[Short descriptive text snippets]
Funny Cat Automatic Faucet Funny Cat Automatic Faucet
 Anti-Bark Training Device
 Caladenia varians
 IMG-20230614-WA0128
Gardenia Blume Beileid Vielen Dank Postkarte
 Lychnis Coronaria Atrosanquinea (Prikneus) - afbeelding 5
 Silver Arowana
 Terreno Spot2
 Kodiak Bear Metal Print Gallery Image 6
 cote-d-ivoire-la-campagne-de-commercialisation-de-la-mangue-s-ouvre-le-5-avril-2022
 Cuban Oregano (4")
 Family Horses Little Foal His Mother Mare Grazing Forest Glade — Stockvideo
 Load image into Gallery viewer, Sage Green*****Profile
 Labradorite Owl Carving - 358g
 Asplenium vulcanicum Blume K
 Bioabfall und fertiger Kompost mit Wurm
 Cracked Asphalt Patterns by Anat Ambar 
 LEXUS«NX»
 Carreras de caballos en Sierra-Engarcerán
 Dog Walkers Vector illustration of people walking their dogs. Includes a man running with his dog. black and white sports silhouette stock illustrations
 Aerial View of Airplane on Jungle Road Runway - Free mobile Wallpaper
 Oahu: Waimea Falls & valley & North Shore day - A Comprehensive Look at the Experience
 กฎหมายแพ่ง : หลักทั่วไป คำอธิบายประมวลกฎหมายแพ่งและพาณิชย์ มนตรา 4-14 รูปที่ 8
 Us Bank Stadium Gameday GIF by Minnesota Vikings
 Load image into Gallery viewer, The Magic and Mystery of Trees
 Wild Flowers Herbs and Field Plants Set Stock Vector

* **Exercise instructions**
Your answer must be the lines from the first line of the entries above through the line that contains "Terreno Spot2", written out exactly.

* **Exercise response**
Funny Cat Automatic Faucet Funny Cat Automatic Faucet
 Anti-Bark Training Device
 Caladenia varians
 IMG-20230614-WA0128
Gardenia Blume Beileid Vielen Dank Postkarte
 Lychnis Coronaria Atrosanquinea (Prikneus) - afbeelding 5
 Silver Arowana
 Terreno Spot2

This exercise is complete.